Не станем блудодействовать. Теперь он говорит о блуде, вполне дозволенном, как явствует из истории, среди коринфян. Из вышесказанного легко заключить, что от этого порока не были совсем свободны даже те из них, кто стал христианином. И кара за этот порок должна испугать нас и наставить в понимании того, сколь ненавистны Богу нечистые вожделения. Ведь в один день погибло двадцать три тысячи или, по словам Моисея, двадцать четыре тысячи израильтян. Хотя апостол и не согласен с Моисеем в числе, примирить их весьма легко, ибо вовсе не ново там, где нет намерения точно и детально пересчитывать людей, приводить только их приблизительное число. Подобно тому, как у римлян говорилось о центумвирах, хотя имелось в виду сто два человека. Итак, поскольку десница Господня повергла приблизительно двадцать четыре тысячи человек, то есть, больше двадцати трех тысяч, Моисей приводит максимальное, а Павел – минимальное возможное число. Таким образом, в сути дела нет никакого расхождения. Эта история изложена в Numbers 25:9.

Но здесь возникает одна трудность: почему Павел вменяет эту язву блудодейству, в то время как, по словам Моисея, гнев Божий возгорелся оттого, что народ вовлекся в священнодействия Ваалфеору. Но, коль скоро начало отпадения состояло в блудодеянии, и сыны Израиля впали в нечестие не столько по религиозным соображениям, сколько обольщенные блудницами, следовало приписать блуду все произошедшее от этого зло. Ибо по совету Валаама мадианитяне отдали для блуда дочерей своих израильтянам, дабы сделать их чуждыми истинного богопочитания. Больше того, слепота, состоящая в том, что израильтяне позволили себе из-за прелестей блудниц впасть в нечестие, была наказанием за похоть. Посему усвоим, что блуд – вовсе не незначительный грех. Ведь Бог покарал за него столь сурово и столь многими способами.

стих 9

Не станем искушать Христа. Эта фраза относится к истории, изложенной в Numbers 21:6. Поскольку народу надоело долго ожидание, он стал жаловаться на свою судьбу и требовать у Бога отчета: почему издевается над нами Бог, и т.д.? Павел называет этот народный ропот искушением, и вполне обоснованно. Ибо искушение противоположно терпению. Что же было тогда причиной того, что народ восстал на Бога, если не то, что, подталкиваемый своим дурным вожделением, он не мог потерпеть до наступления установленного Богом времени? Итак, заметим, что источник зла, от которого нас здесь предостерегает Павел, – это нетерпение, когда мы хотим опередить Бога и не покоряемся Ему, дабы Он нами правил, но скорее желаем подчинить Его нашей воле и нашим законам. И Бог сурово покарал это зло в случае с израильским народом. Однако же Он всегда остается Тем же – справедливым Судьей. Поэтому, если мы не хотим испытать на себе то же самое наказание, не будем Его искушать.
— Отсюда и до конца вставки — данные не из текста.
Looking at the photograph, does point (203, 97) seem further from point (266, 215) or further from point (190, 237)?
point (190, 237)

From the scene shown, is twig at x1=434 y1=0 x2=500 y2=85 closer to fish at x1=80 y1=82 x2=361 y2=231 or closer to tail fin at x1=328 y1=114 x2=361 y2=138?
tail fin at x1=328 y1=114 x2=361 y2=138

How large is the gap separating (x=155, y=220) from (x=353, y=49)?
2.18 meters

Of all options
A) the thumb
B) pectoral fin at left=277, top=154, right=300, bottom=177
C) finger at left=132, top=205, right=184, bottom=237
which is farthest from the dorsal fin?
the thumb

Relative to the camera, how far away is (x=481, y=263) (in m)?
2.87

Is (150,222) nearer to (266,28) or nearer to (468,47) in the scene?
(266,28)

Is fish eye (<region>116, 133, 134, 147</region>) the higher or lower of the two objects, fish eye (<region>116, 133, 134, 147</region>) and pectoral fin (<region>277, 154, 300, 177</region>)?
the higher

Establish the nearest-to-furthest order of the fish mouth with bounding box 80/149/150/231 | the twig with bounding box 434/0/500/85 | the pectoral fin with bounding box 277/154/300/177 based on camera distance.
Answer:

Это место замечательно в отношении вечности Христа. Неубедительна уловка Эразма, толкующего так: не станем искушать Христа, как некоторые из них искушали Бога, – поскольку весьма натянуто подразумевать здесь слово «Бог». Не удивительно также, что Христос зовется здесь вождем израильского народа. Ибо как Бог был милостив к Своим только через этого Посредника, так и благодеяния Свои Он посылает только через Него. Кроме того, Ангел, вначале явившийся Моисею и всегда сопровождавший народ в пустыне, часто зовется словомיהוה. Итак, уверимся в том, что Ангел этот был Сыном Божиим и уже тогда руководил Церковью, Главою которой являлся.
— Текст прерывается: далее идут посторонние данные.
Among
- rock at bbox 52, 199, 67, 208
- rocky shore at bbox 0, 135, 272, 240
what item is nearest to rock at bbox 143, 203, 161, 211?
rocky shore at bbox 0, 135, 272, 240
Что же касается имени «Христос», то оно, по смыслу обозначая человеческую природу, тогда еще не подходило Сыну Божию, но приписывается Ему через общение в свойствах. Как и в другом месте, где сказано, что Сын Человеческий сошел с неба.

стих 10

Не ропщите. Некоторые думают, что речь идет о ропоте, возникшем, когда посланные осмотреть землю соглядатаи, вернувшись, охладили народный пыл. Но поскольку этот ропот не был тут же поражен бичом Божиим, и наказание заключалось лишь в том, что всех отлучили от владения землею, необходимо по-другому толковать данное место. Лишение права войти в обетованную землю было тягчайшим наказанием, но Павел, говоря о поражении народа истребителем, подразумевают совсем иной вид кары.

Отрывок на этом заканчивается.